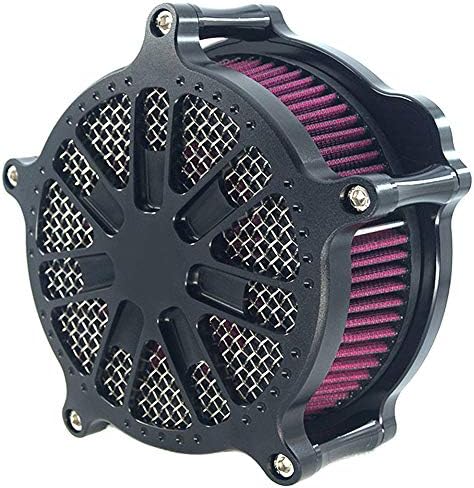 Air Filter Venturi Cleaner Motorcycle Intake System Cnc Kit Black Matte Grill for Harley Dyna 2000-2017 Softail 2000-2015 Touring 2000-2007 Fitment - B (Red)
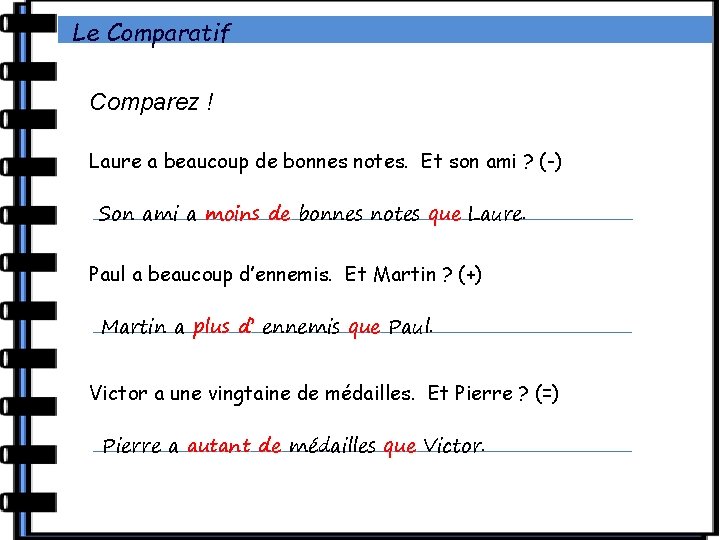 Le Comparatif Comparez ! Laure a beaucoup de bonnes notes. Et son ami ? Le Comparatif Comparez ! Laure a beaucoup de bonnes notes. Et son ami ?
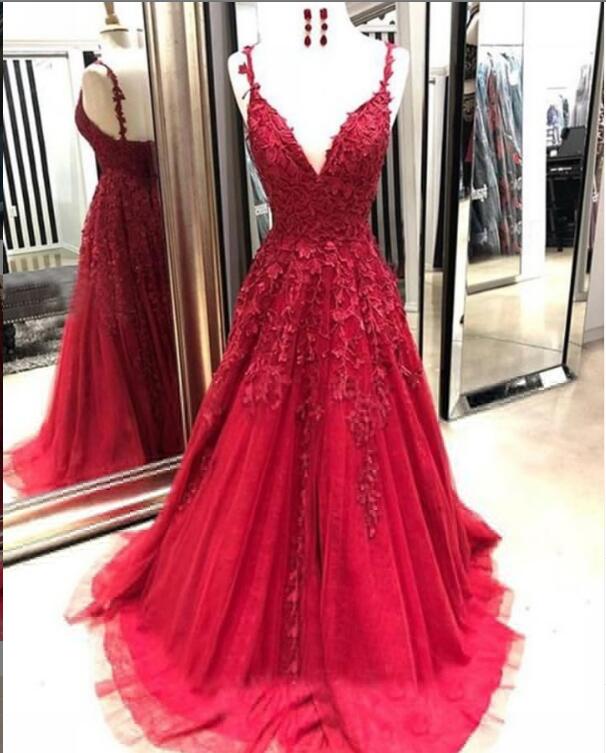 Wine Red Lace Long Girls Graduation Senior Prom Dresses Lace Formal Wear with Strapes PL5120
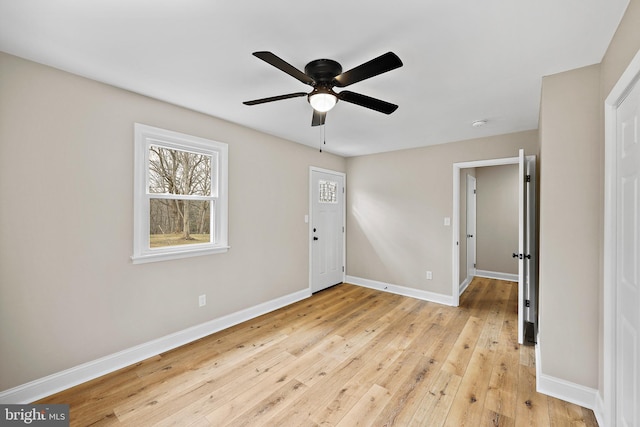 empty room featuring ceiling fan and light hardwood / wood-style floors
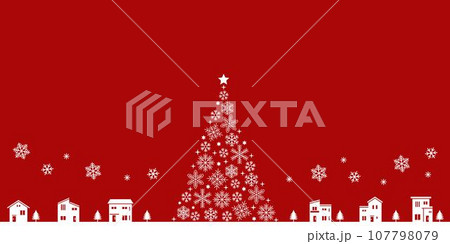 赤背景のクリスマスの町並みの風景 107798079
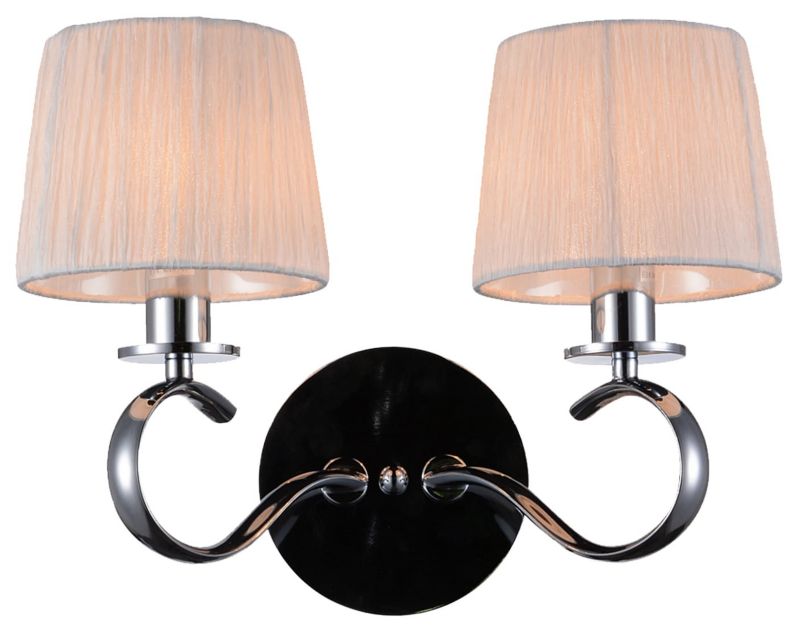 Kinkiet ścienny Candellux Clara chromowany biały 2 x E14 x 40W IP20 wym: 27 x 37 x 20 cm - 1 szt.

-*-

◆ ACTIVITY
Would you write out each entry word for word and omit the images?

◆ EXPECTED ANSWER
 Air Filter Venturi Cleaner Motorcycle Intake System Cnc Kit Black Matte Grill for Harley Dyna 2000-2017 Softail 2000-2015 Touring 2000-2007 Fitment - B (Red)
 Le Comparatif Comparez ! Laure a beaucoup de bonnes notes. Et son ami ? Le Comparatif Comparez ! Laure a beaucoup de bonnes notes. Et son ami ?
 Wine Red Lace Long Girls Graduation Senior Prom Dresses Lace Formal Wear with Strapes PL5120
 empty room featuring ceiling fan and light hardwood / wood-style floors
 赤背景のクリスマスの町並みの風景 107798079
 Kinkiet ścienny Candellux Clara chromowany biały 2 x E14 x 40W IP20 wym: 27 x 37 x 20 cm - 1 szt.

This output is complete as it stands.